Speaker 1:Folks, in the first place, there are some problems that consequences will not solve and may even make worse, and this was one such problem. The problem with this girl's sassy mouth had started when she was three years old. It had been going on for eleven years, during which time the mom in question had sent her to her room hundreds of times. At fourteen, the girl was immune to being sent to her room. Mom needed a new approach. I told her to stop using consequences when the girl was sassy Instead of sending her to her room, I said simply ignore her sass and go on with whatever you're doing.
Speaker 1:Then later, maybe when you're putting her to bed, say something like you know. I need to tell you that, talking the way you talk to me this afternoon in front of your younger brothers and sisters, it just wasn't good. You're the oldest child and, whether you like it or not, you're a role model for them. They look up to you and you need to be setting a positive example for them and just leave it at that. Will that approach solve the problem? I don't know. I flunked fortune-telling in graduate school, but I do know this. That approach because it isn't combative, it isn't retaliatory, will not make matters worse, and I also know this.
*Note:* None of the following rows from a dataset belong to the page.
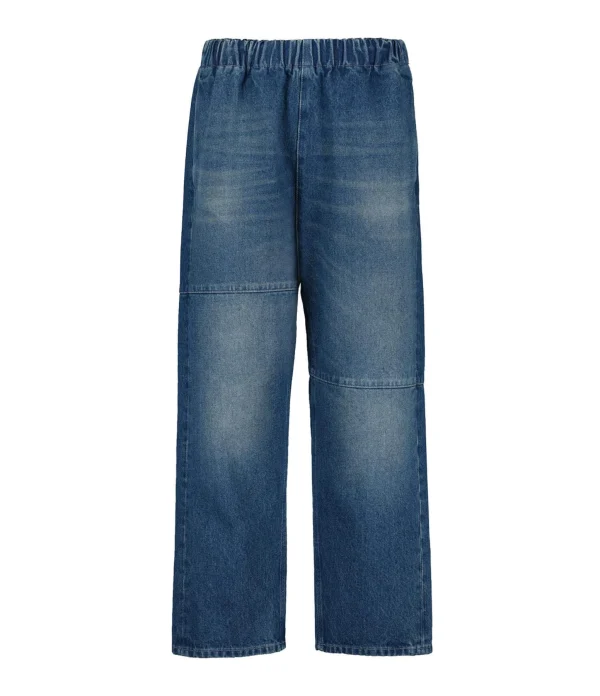 MM6 MAISON MARGIELA Jean Taille Haute Bleu Foncé Délavé 1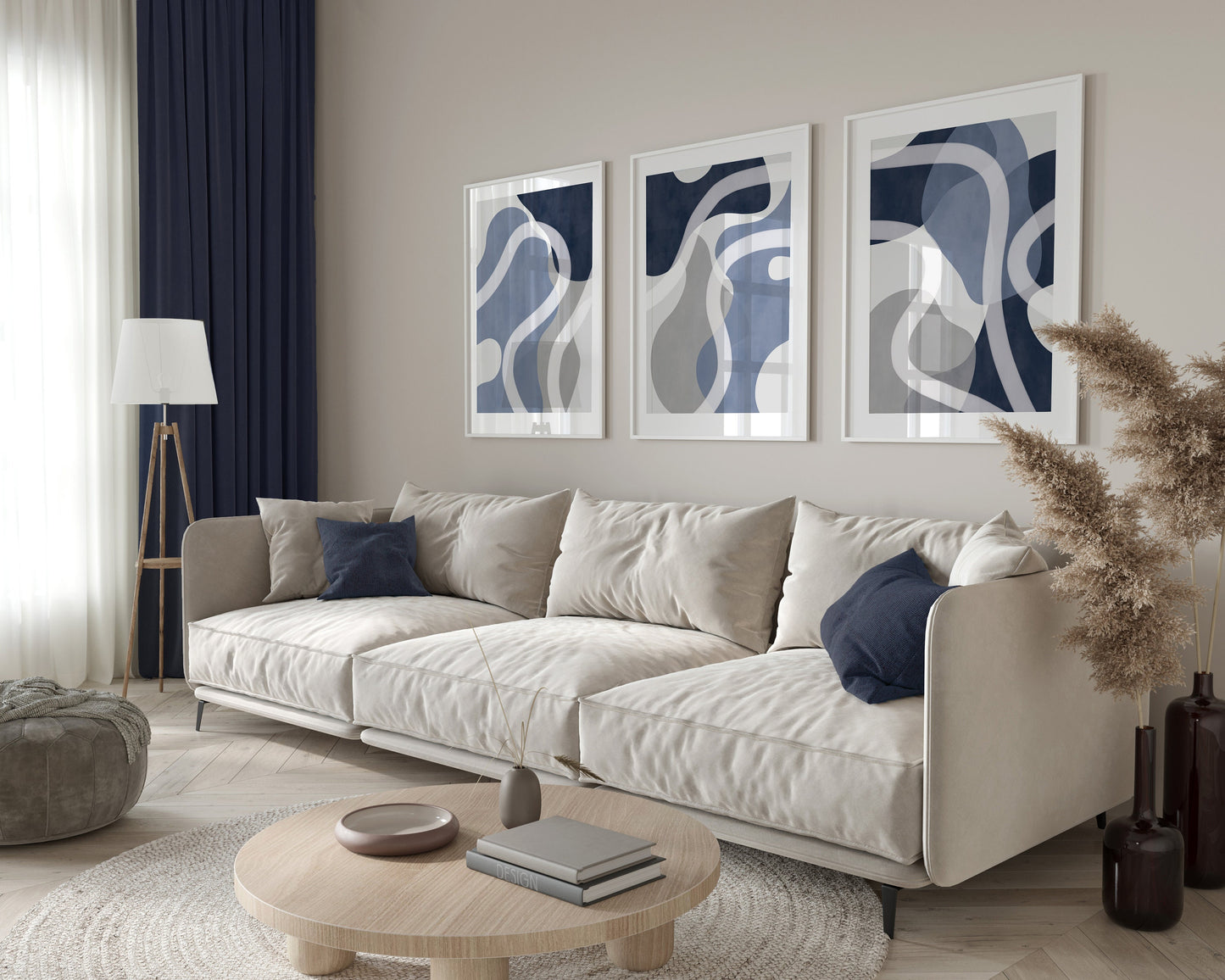 Set of 3 blue abstract Watercolour Wall Art Prints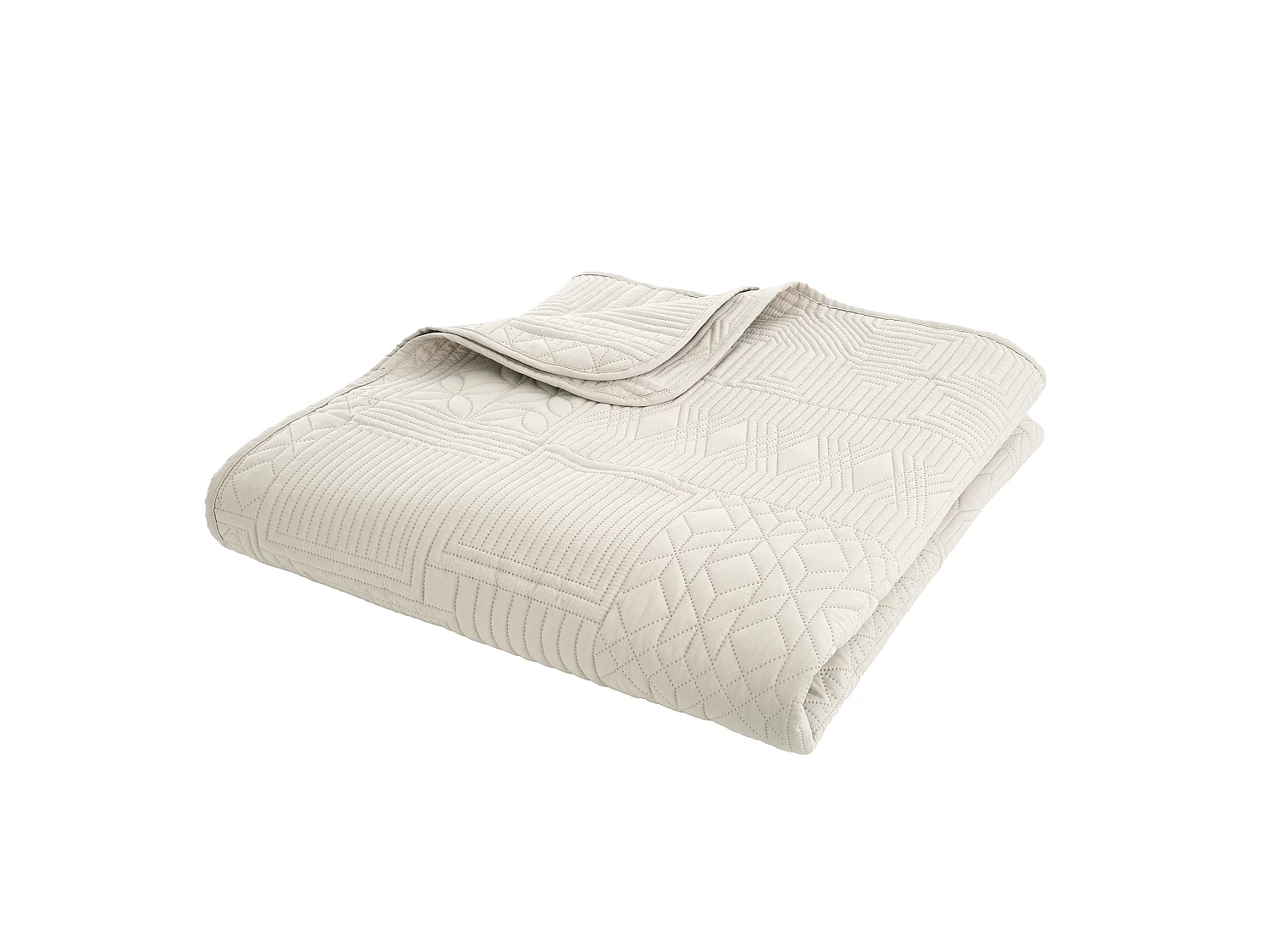 Catherine Lansfield Folkstone Geo 220x230cm Bedspread Natural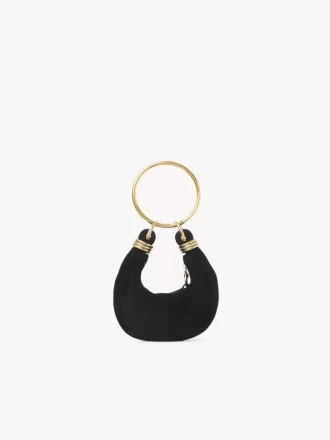 Süet deriden mini bilezikli hobo çanta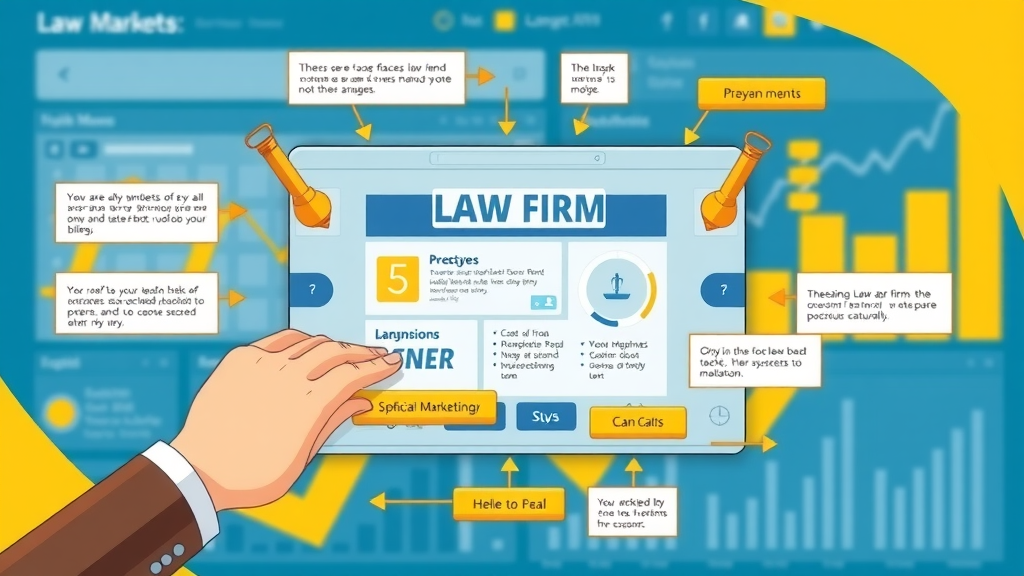 detailed schematic law firm PPC ad, clear graphic UI layout, highlighting headlines, CTA buttons and extensions, 2D Cartoon, abstract digital marketing dashboard background, highly detailed, arrows and highlighted elements, blue and yellow palette, studio soft light, shot with a 24mm lens
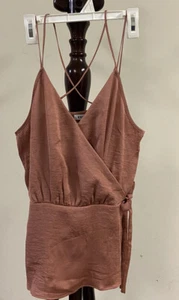 Express Brown Silk Top Women’s Size Small Beautiful - Picture 1 of 7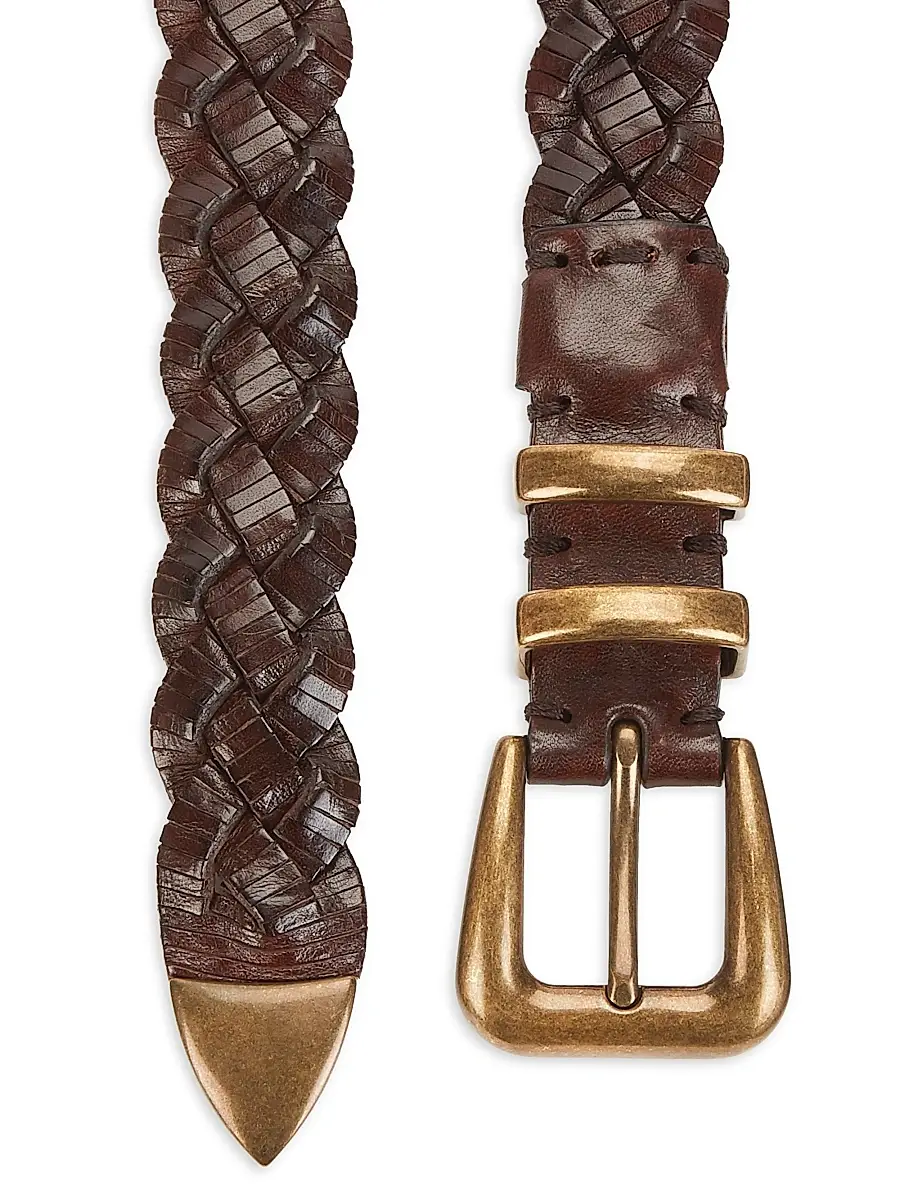 Brunello Cucinelli Men's Braided Leather Belt | Thumbnail 2 Brunello Cucinelli Men's Braided Leather Belt | Thumbnail 2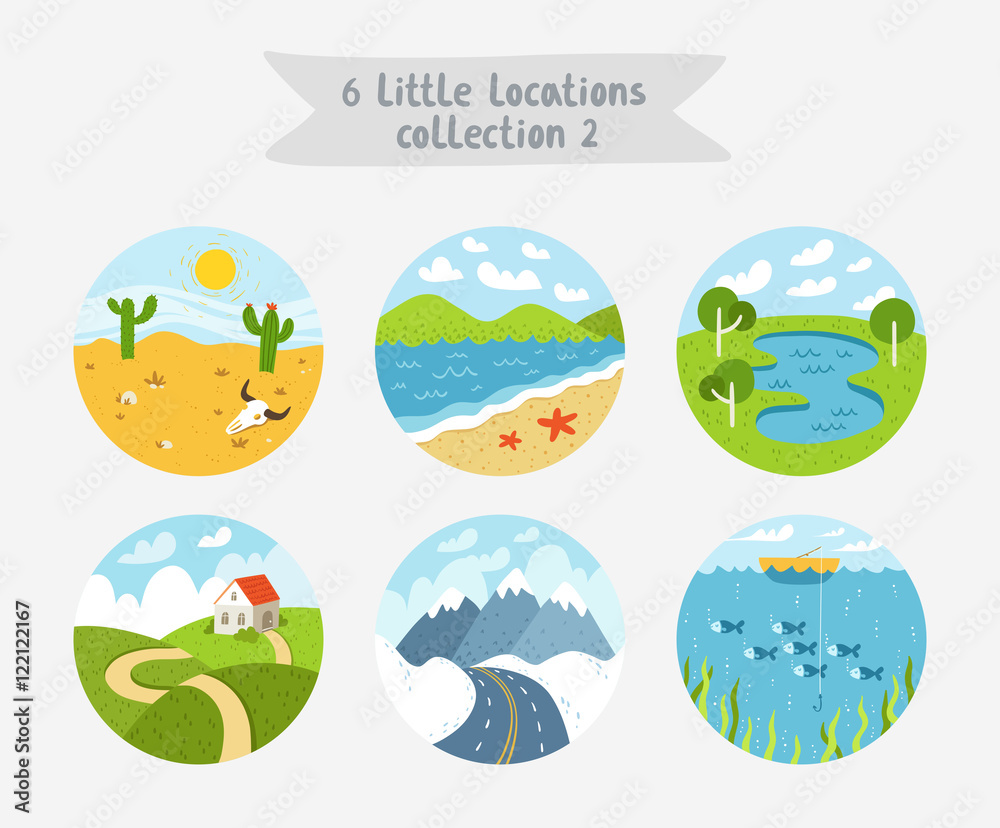 Set of 6 circle locations, little landscapes, seascapes and cloudscapes, vector illustration, flat style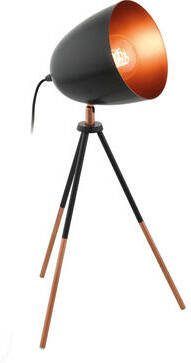 EGLO Tafellamp CHESTER Vintage tafellamp nacht kastlamp fitting: E27 incl. schakelaar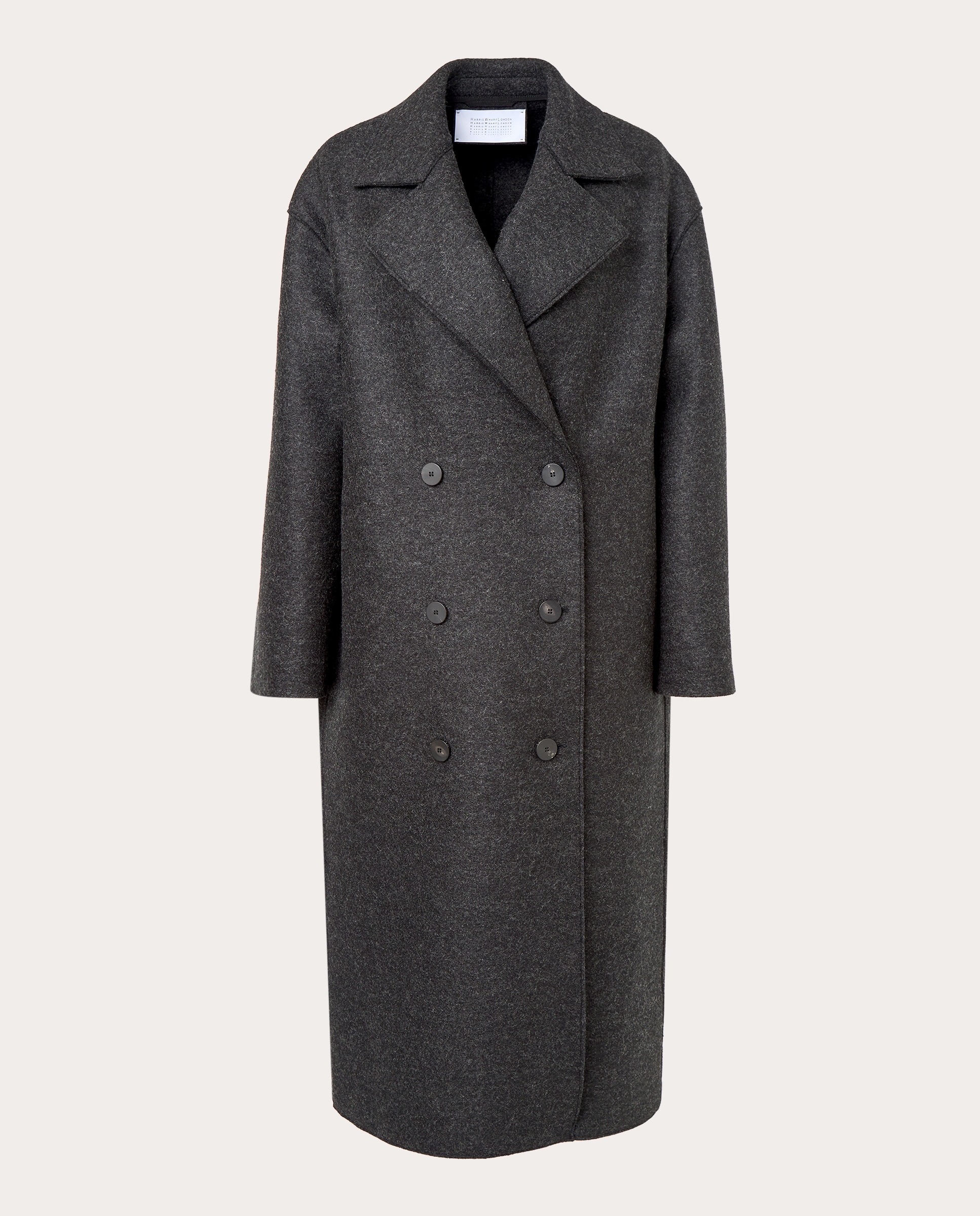 Imagen 0 de Abrigo largo cruzado oversize de lana Gris oscuro
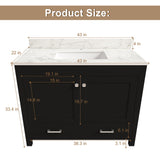 Bathroom Vanity Set, Cabinet With Doors & Drawers, Single Faucet Hole - Black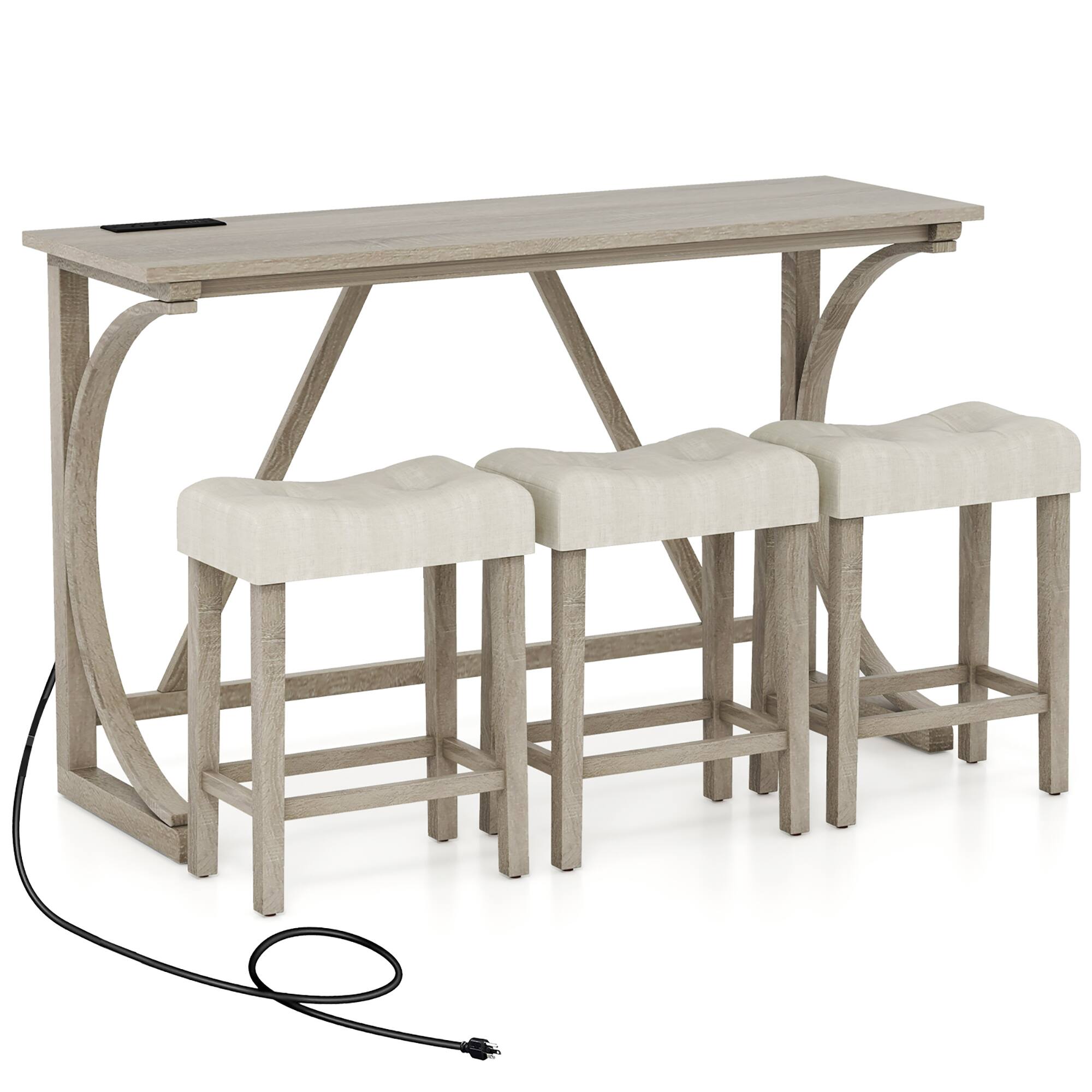 Gymax - 4-Piece Bar Table Set w/ Power Outlet Counter Height Bistro Table and Stools - Grey, Beige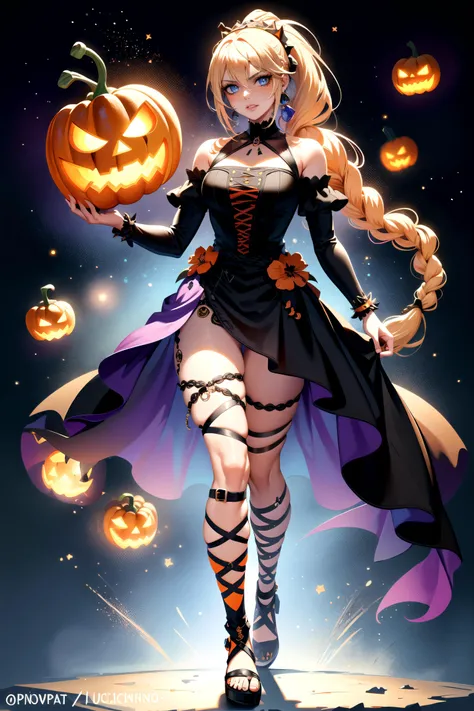 halloween, city, jack-o'-lantern, (pumpkin dress:1.2), <lora:HalloweenGlowStyle:0.5>, halloweenglowstyle,, barbarian woman, blue eyes, 170cm tall, (braided ponytail:1.2), (blonde hair:1.1), <lora:breastsizeslideroffset:-0.1>, (heavy upper lips:1.1), <lora:muscle_slider_v1:1>,, (masterpiece, high quality, best quality:1.3), Detailed, (full body:1.5)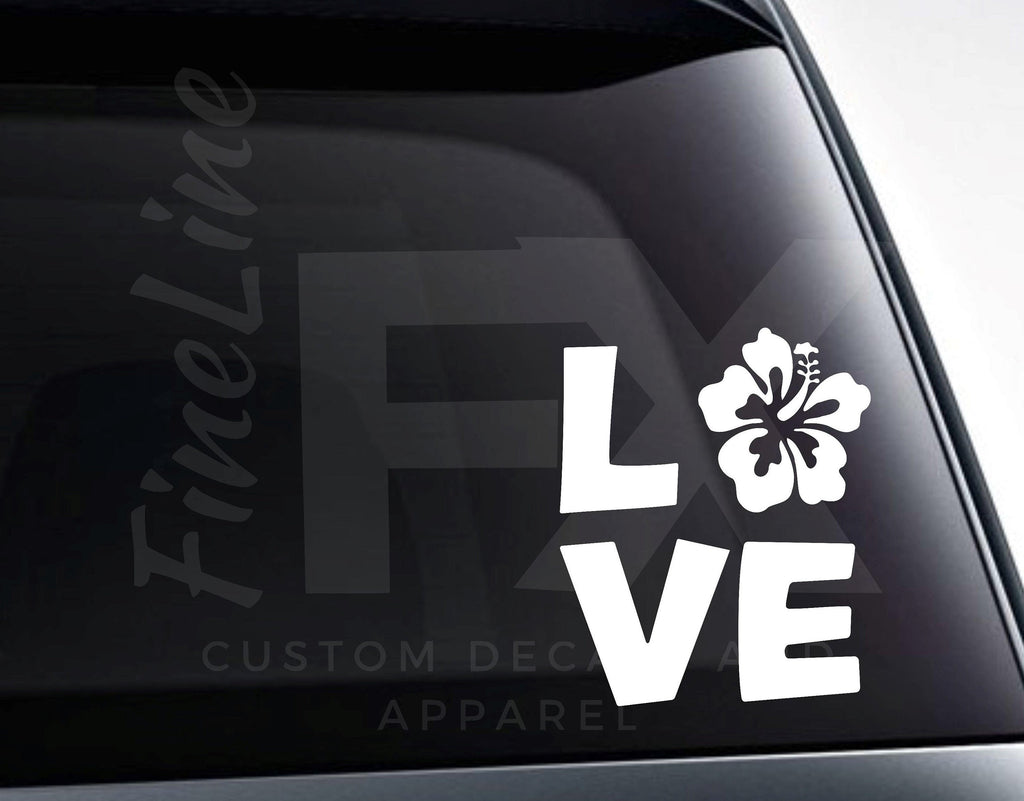 Hibiscus Tropical Flower Love Vinyl Decal Sticker - FineLineFX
Speaker 1:Sometimes something you do as a parent doesn't begin working for months and perhaps even years to come. Case in point my daughter Amy, who is 51 years old and manages my business operations. She's told me that when she was a teenager, she absolutely hated me for some of the things I did Like, refusing to sympathize with her when I thought she was engaging in drama over some minor disappointment. She has since told me that every single one of the things she hated me for way back then was the right thing for me to have done. The moral of the story the manner in which a child reacts to a decision you, an adult, make or an action you take, is rarely indication of the appropriateness of the decision or the action. And that's a wrap. You've been listening to Because I Said so. I hope you enjoyed it and I hope you'll join us next week and the week after and enjoy it again and again and again. In the meantime, folks, as usual, keep on rockin' in the free world.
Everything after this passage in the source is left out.